Into the Wild
Sarah Beth Durst
Publisher: Razorbill
Pages: 272
Genre: Fairytale, Urban Fantasy, Middle Grade
Twelve-year-old Julie has grown up hearing about the dangerous world of fairy tales, The Wild, from which her mother, Rapunzel, escaped.
Now The Wild wants its characters back. Julie comes home from school to find her mother gone and a deep, dark forest swallowing her hometown. Julie must fight wicked witches, avoid glass slippers and fairy godmothers, fly griffins, and outwit ogres in order to rescue her mom and save her Massachusetts town from becoming a fairy-tale kingdom.

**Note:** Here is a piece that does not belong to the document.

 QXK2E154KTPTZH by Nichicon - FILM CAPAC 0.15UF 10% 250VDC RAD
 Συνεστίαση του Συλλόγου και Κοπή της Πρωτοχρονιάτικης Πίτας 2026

Sarah Beth Durst weaves a postmodern fairy tale that's fresh, funny, and sweetly poignant.
So, I picked this book off the shelf solely because it was
Durst writing in the realm of fairytales, and I loved Ice.
What is pretty funny, however, is this book is really nothing like
Ice.
It is way closer to the style of Enchanted
Ivy
(another Durst book I've read) instead.
This
is another book that reminds me a lot of a TV show out right now, and
that show would be ”Once Upon A Time". The idea is that these
fairytale characters are living out in the real world. Of course the
main difference is that they know they are the fairytale characters,
they escaped the "Wild" where all their stories took place
and defeated it down and now it is living under Julie's bed. Julie is
the daughter of Rapunzel, who was lucky enough to have been born and
raised in our world, though without a father since Rapunzel's Prince
hadn't made it out with the rest of them.
Suddenly,
though someone makes a wish and POOF the Wild is back and it is
taking over the city causing people to be sucked into the fairytales,
bad and good.
I
really like the whole idea of characters being forced to fulfill
"fairytale" events. There's a feeling of being desperate,
afraid and needing to escape. It's scary and provides several very
interesting plot twists once Julie is traversing them.
The
prose is very lighthearted, but there's a feeling of depth underneath
it that I enjoy. There is betrayal, possession, the fear of losing
those you love. The stakes are big for Julie and as the reader you're
not always sure who to trust.
I
recommend this book to lovers of fairytales taken in a very unusual
light, or when they are smashed all together. It isn't like Ice
much at all, so don't go in reading that instead, but it is a
well-written MG Contemporary Fantasy book that I am glad to own.